▸ Activity: Take the lines in the listing below from the line with "Victorian Gentleman vintage" up to and including the line with "How To Get A" and set them down exactly, skipping pictures and adding nothing.

▸ Study material:
┄┄┄┄┄┄

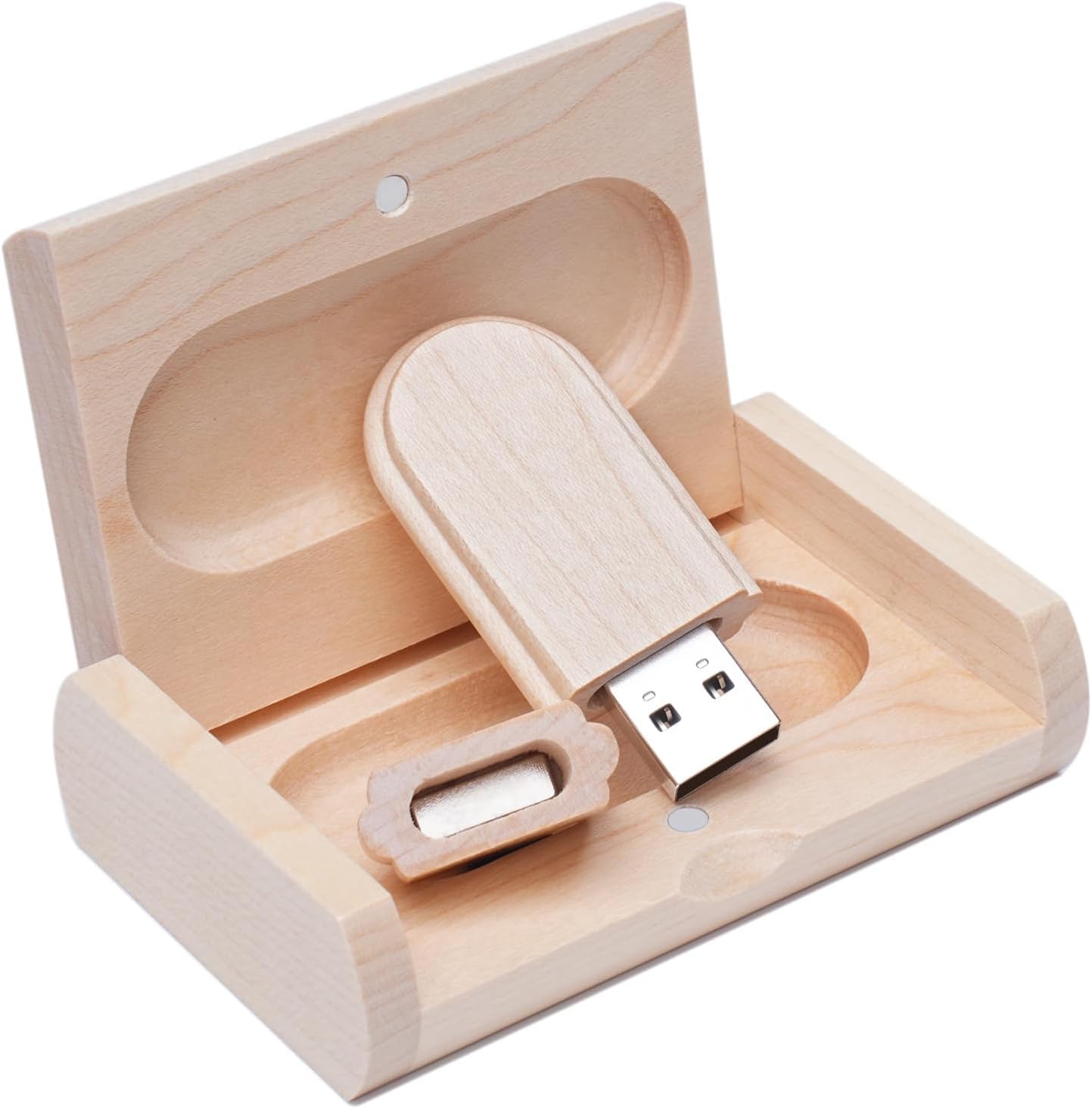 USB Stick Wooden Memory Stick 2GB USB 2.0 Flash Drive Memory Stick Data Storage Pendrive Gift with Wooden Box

┄┄┄┄┄┄

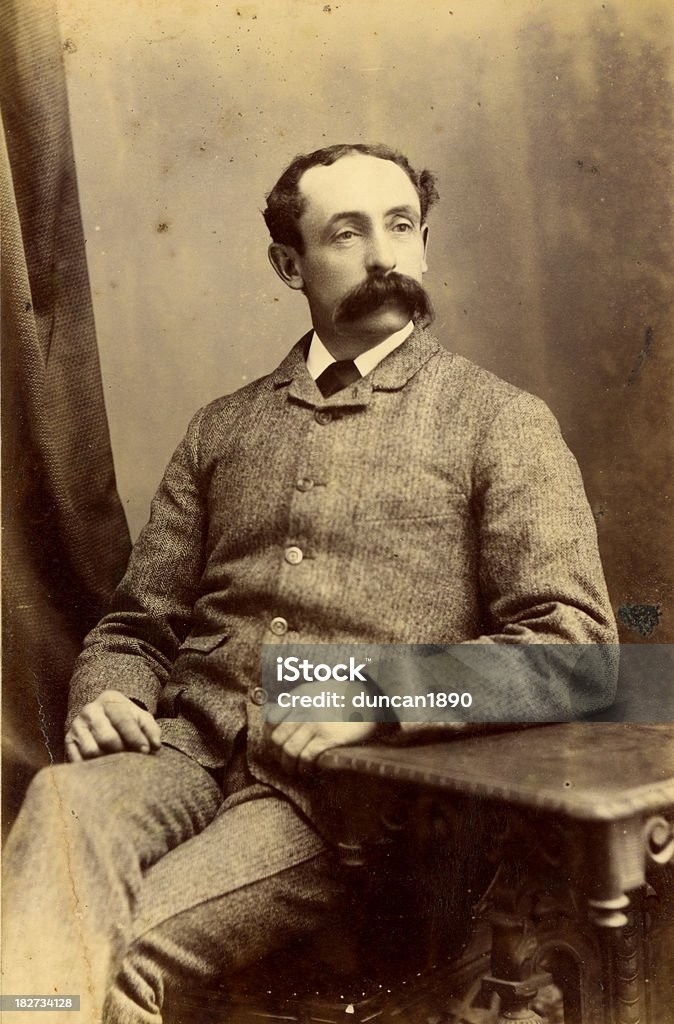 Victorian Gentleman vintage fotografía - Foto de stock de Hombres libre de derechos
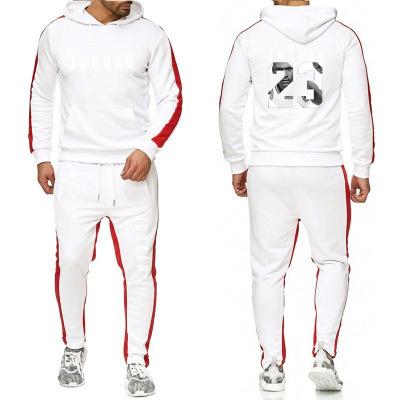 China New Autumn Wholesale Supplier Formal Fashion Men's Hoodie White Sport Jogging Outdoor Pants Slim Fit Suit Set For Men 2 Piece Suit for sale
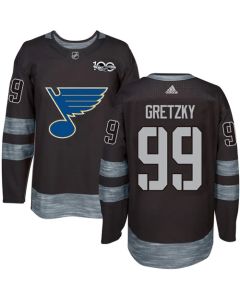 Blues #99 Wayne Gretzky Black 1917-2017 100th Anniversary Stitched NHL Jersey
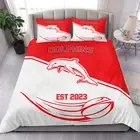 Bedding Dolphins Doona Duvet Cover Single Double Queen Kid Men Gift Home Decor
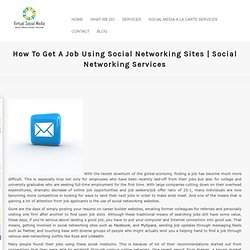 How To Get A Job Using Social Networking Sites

┄┄┄┄┄┄

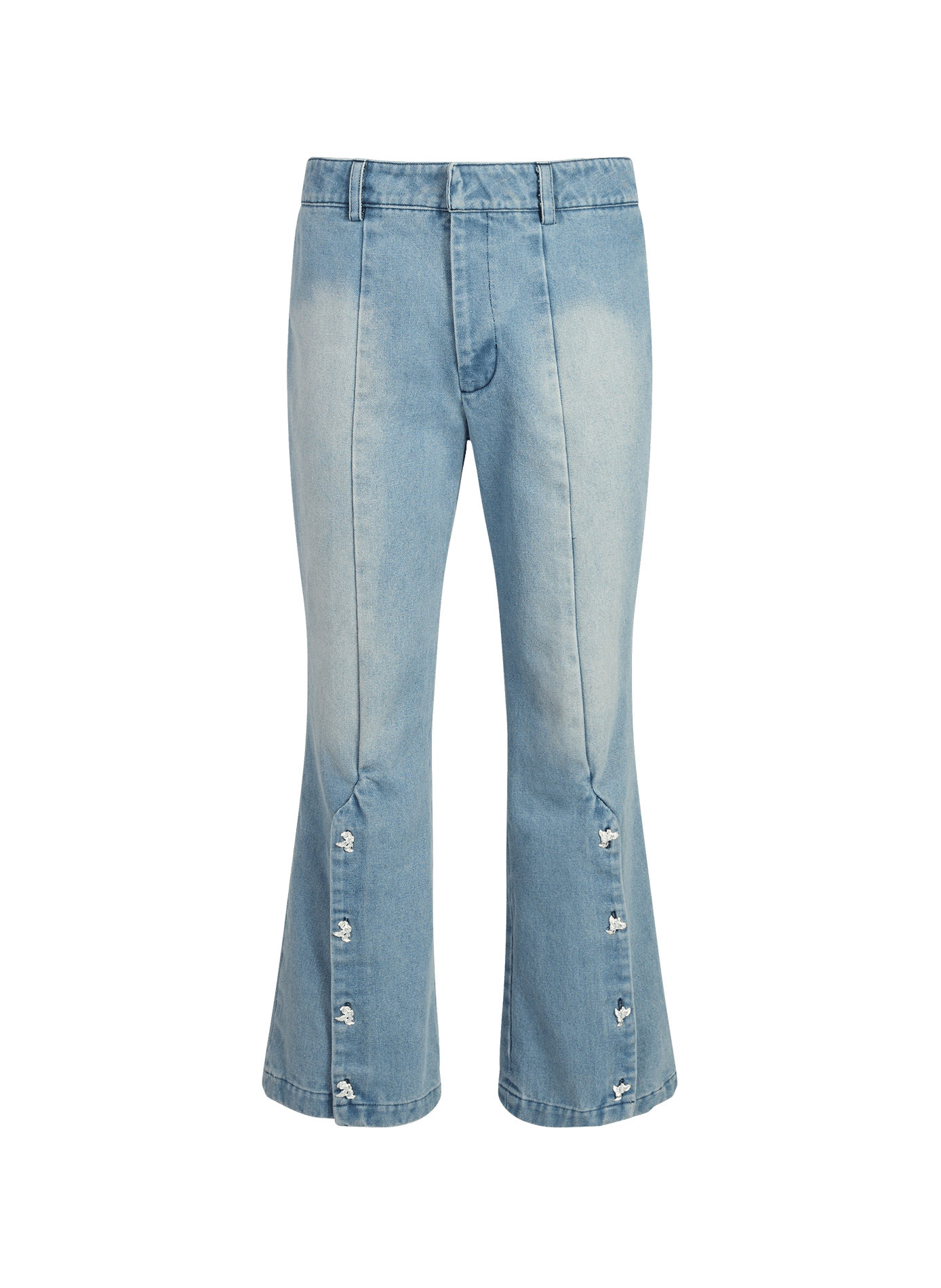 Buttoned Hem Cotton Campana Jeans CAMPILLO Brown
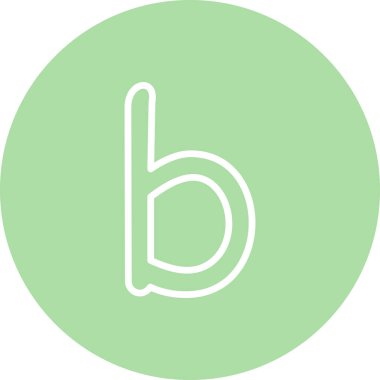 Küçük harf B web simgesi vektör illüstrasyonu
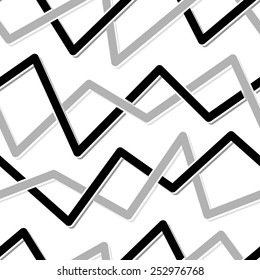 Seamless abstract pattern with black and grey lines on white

┄┄┄┄┄┄

▸ Response to the exercise:
 Victorian Gentleman vintage fotografía - Foto de stock de Hombres libre de derechos
 China New Autumn Wholesale Supplier Formal Fashion Men's Hoodie White Sport Jogging Outdoor Pants Slim Fit Suit Set For Men 2 Piece Suit for sale
 Blues #99 Wayne Gretzky Black 1917-2017 100th Anniversary Stitched NHL Jersey
 Bedding Dolphins Doona Duvet Cover Single Double Queen Kid Men Gift Home Decor
 How To Get A Job Using Social Networking Sites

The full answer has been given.